The lines below, from the one containing "Freude über Top-Spendenergebnis" through the one containing "tomboyblue online show", should be set down exactly, with no pictures and nothing else.
#### DATA TO USE ####
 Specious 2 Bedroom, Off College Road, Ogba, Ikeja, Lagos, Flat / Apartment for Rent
####
#### DATA TO USE ####
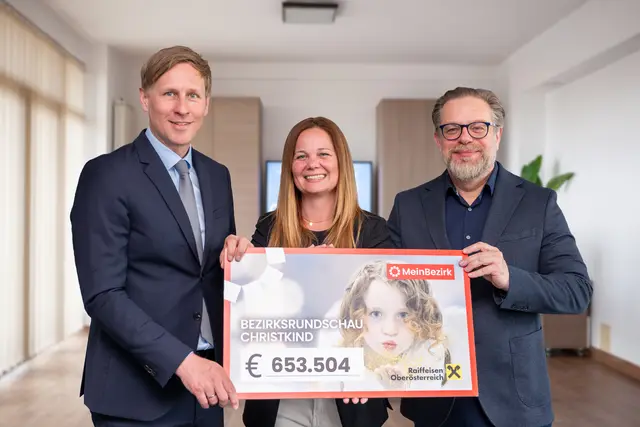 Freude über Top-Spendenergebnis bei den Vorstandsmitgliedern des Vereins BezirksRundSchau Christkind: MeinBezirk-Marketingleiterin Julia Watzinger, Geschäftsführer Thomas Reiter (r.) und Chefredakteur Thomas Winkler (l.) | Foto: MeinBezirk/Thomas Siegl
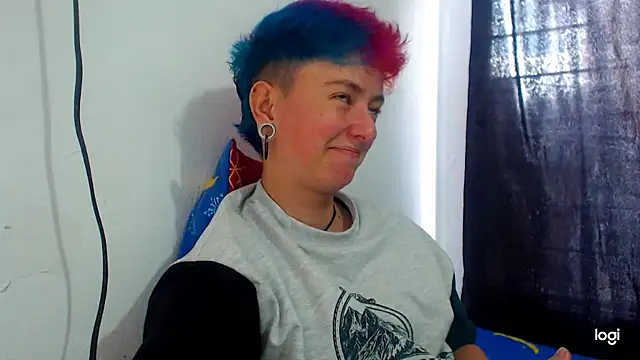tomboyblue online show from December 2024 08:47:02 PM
####
#### REPLY
 Freude über Top-Spendenergebnis bei den Vorstandsmitgliedern des Vereins BezirksRundSchau Christkind: MeinBezirk-Marketingleiterin Julia Watzinger, Geschäftsführer Thomas Reiter (r.) und Chefredakteur Thomas Winkler (l.) | Foto: MeinBezirk/Thomas Siegl
tomboyblue online show from December 2024 08:47:02 PM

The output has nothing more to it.